6 Misguided Responses to Spiritual Abuse

Ryan Duncan | Updated: Apr 28, 2015

6 Misguided Responses to Spiritual Abuse

Throughout my life, I’ve seen the Church do some pretty amazing things. I’ve met strong, loving Christians whose passion and charity left me speechless. I’ve seen lives changed, souls saved, and discovered how God’s Church can be a true light to this world. However, I’ve also witnessed the Church’s darker, more sinister side. I know all too well how some “Christians” will neglect, demean, or abuse others just to further their own agendas.         

I’m not the only one to experience this either. In a recent article for Relevant Magazine, author Jonathan Hollingsworth revealed how he had once traveled to Africa as a missionary, only to be manipulated and exploited by the organization he worked for. When Hollingsworth tried to speak out about his treatment, his pastor told him to stay quiet so the Church could save face. Reflecting on these events, Hollingsworth lists six things you should never say to a victim of spiritual abuse,

“Are You Working Toward Reconciliation?”

“The last thing a victim of spiritual abuse needs to do is go right back into the environment that hurt them in the first place. If someone has been attacked by a dog, would you tell them to go back and risk getting bitten again? Christians who insist on reconciliation in the face of spiritual abuse are forgetting one important thing: Abusive people can’t always be reasoned with.”

“Not only is it dangerous to ask a victim to make amends with their abusers, it also puts an undue burden of responsibility on the victim to come up with a solution. It’s like saying, ‘They’re the ones who hurt you, but now it’s your job to make it right.’”

“I Don’t Want to Gossip”

“If a pastor or staff member is mistreating someone in the congregation, it’s not gossip for that person to talk about it. In fact, it’s not even gossip for you to talk about it. Imagine if you found out your brother-in-law was beating your sister. Would your first response be, ‘That’s none of my business’? The same way domestic abuse involves a whole family, spiritual abuse involves a whole church family.”

“The abuse may have taken place in private, but that doesn’t make it a private matter.

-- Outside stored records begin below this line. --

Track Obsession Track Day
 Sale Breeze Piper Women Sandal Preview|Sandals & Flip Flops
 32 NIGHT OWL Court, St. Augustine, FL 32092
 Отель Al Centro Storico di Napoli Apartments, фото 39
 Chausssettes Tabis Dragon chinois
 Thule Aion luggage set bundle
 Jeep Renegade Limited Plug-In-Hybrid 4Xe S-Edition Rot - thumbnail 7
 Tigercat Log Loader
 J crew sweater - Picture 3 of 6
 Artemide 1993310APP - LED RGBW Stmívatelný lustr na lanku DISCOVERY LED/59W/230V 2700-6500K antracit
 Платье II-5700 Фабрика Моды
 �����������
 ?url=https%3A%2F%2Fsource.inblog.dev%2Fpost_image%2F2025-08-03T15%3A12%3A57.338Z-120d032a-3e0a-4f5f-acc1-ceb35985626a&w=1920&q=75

As Christians, if we’re going to start taking spiritual abuse seriously, we need to stop comparing it to gossip.”

Spiritual abuse is a serious problem in today’s Church, and unfortunately, it only seems to be getting worse. Crosswalk’s own John UpChurch has even compiled a list of 10 warning signs that a church might be abusive or controlling. Dangerous clues include,

  • Personality Centric
  • Busyness
  • Coded Language

As Christians, we must speak up and put an end to this horrible practice. We need to admit that we’re not immune to the evils of this world, and that not everyone who claims to be a Christian actually follows Christ. It is time to put right these terrible wrongs.   

If you are a victim of spiritual abuse, we encourage you to speak out and tell your story.